Alper and his wife, Tamar Todd, both went to public schools in Berkeley and then became lawyers working with death row clients (Todd is now working on drug policy reform). Alper currently teaches at the Death Penalty Clinic at Berkeley Law, where he works with law students on active death penalty cases. The couple have three children; the youngest recently had his bar mitzvah at the Kehilla community synagogue in Piedmont.

Alper, the nephew of Noah’s Bagels founder Noah Alper, said that when he looks back on his own school years in Berkeley public schools, the lack of a level playing field shocks him. This is also what motivates him.

“It was essentially a zero-sum game, so I had all the advantages over the children of color who didn’t have that kind of political or social capital in the district, and I think about it a lot,” a- he declared. “That’s another motivation, to kind of compensate for that.”

He first showed up to the school board in 2014 on a platform aimed at getting children who would otherwise be expelled to change their behavior instead. He was re-elected in 2018 and believes the playing field is still not level enough, but he has no plans to run again next year.

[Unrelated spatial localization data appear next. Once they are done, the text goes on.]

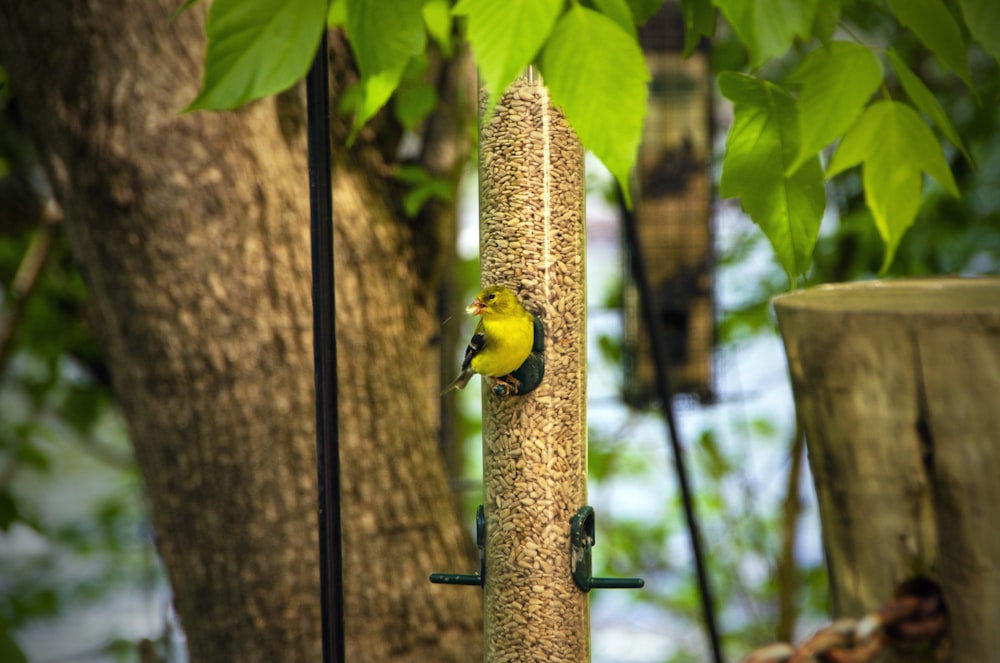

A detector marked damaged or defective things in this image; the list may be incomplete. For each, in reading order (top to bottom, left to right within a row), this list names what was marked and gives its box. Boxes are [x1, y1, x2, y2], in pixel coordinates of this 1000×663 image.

rusty chain [744, 588, 944, 663]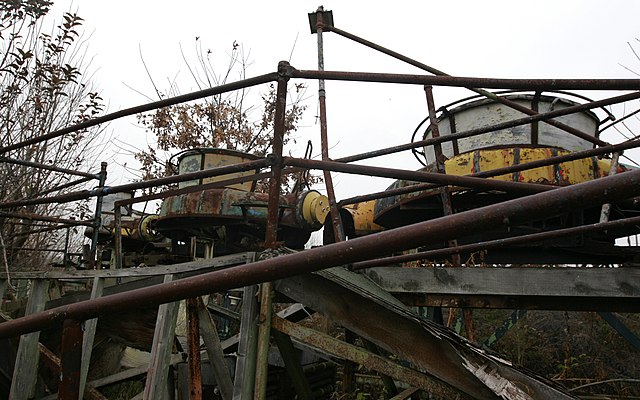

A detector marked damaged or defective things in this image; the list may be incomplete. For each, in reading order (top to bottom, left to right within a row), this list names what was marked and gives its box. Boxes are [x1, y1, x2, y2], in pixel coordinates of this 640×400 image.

rusted steel tube [0, 72, 278, 155]
rusty metal pipe [0, 73, 278, 155]
rusted steel tube [288, 67, 640, 92]
rusted steel tube [320, 27, 608, 147]
rusty metal pipe [322, 25, 608, 146]
rusted steel tube [336, 90, 640, 164]
rusty metal pipe [338, 91, 640, 163]
rusted steel tube [0, 157, 99, 179]
rusted steel tube [0, 158, 272, 209]
rusty metal pipe [0, 159, 272, 209]
rusted steel tube [282, 156, 552, 194]
rusty metal pipe [284, 156, 552, 194]
rusted steel tube [338, 138, 640, 206]
rusty metal pipe [342, 138, 640, 206]
rusted steel tube [1, 170, 640, 340]
rusty metal pipe [1, 170, 640, 340]
rusted steel tube [350, 216, 640, 268]
rusty metal pipe [350, 216, 640, 268]
rusted steel tube [58, 320, 84, 400]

“I think eight years is a long time, and a fair amount of time,” he said.

Until then, however, Alper has another year to work for Berkeley schools to overcome the impact of the pandemic.

“We’re doing great things right now and the teachers are really excited to have the kids back in class and everything is going very well,” he said. “But we also won’t know the full impact of 18 months of distance learning for a long time.”